SOURCE DATA =
'''

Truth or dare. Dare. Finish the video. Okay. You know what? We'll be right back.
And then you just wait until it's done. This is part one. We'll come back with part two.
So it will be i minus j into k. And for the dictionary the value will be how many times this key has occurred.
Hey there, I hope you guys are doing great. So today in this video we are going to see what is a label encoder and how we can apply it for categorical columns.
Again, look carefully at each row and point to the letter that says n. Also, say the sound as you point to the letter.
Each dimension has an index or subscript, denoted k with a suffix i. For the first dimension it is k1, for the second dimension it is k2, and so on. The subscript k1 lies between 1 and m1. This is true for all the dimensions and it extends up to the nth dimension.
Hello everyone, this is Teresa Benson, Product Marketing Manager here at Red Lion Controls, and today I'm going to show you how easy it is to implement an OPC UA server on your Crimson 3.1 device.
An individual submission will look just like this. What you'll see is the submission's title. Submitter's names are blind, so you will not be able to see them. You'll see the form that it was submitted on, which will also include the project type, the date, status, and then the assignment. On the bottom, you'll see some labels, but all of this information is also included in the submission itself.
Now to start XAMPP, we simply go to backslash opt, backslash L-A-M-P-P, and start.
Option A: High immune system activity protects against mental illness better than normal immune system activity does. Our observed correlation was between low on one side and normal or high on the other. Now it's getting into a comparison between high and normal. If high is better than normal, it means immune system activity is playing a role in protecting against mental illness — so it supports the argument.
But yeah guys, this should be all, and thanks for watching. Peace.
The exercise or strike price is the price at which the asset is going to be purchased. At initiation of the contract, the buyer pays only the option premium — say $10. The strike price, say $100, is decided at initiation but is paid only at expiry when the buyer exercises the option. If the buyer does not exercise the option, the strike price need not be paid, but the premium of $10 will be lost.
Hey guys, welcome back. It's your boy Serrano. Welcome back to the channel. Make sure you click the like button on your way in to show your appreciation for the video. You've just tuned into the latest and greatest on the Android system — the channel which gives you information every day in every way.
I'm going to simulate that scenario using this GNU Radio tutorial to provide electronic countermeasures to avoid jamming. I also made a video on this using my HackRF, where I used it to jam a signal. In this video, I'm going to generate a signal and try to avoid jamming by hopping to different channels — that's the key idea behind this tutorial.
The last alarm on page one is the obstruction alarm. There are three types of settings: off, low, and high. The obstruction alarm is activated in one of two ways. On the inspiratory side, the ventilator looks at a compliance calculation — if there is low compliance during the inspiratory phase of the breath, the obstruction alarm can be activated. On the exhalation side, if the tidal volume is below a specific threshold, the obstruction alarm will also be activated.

'''

DESCRIPTION OF THE TASK =
Set down only the lines above that fall between the line holding "Hey there, I" and the line holding "Hello everyone, this", inclusive, keeping each exact.

TASK RESULT =
Hey there, I hope you guys are doing great. So today in this video we are going to see what is a label encoder and how we can apply it for categorical columns.
Again, look carefully at each row and point to the letter that says n. Also, say the sound as you point to the letter.
Each dimension has an index or subscript, denoted k with a suffix i. For the first dimension it is k1, for the second dimension it is k2, and so on. The subscript k1 lies between 1 and m1. This is true for all the dimensions and it extends up to the nth dimension.
Hello everyone, this is Teresa Benson, Product Marketing Manager here at Red Lion Controls, and today I'm going to show you how easy it is to implement an OPC UA server on your Crimson 3.1 device.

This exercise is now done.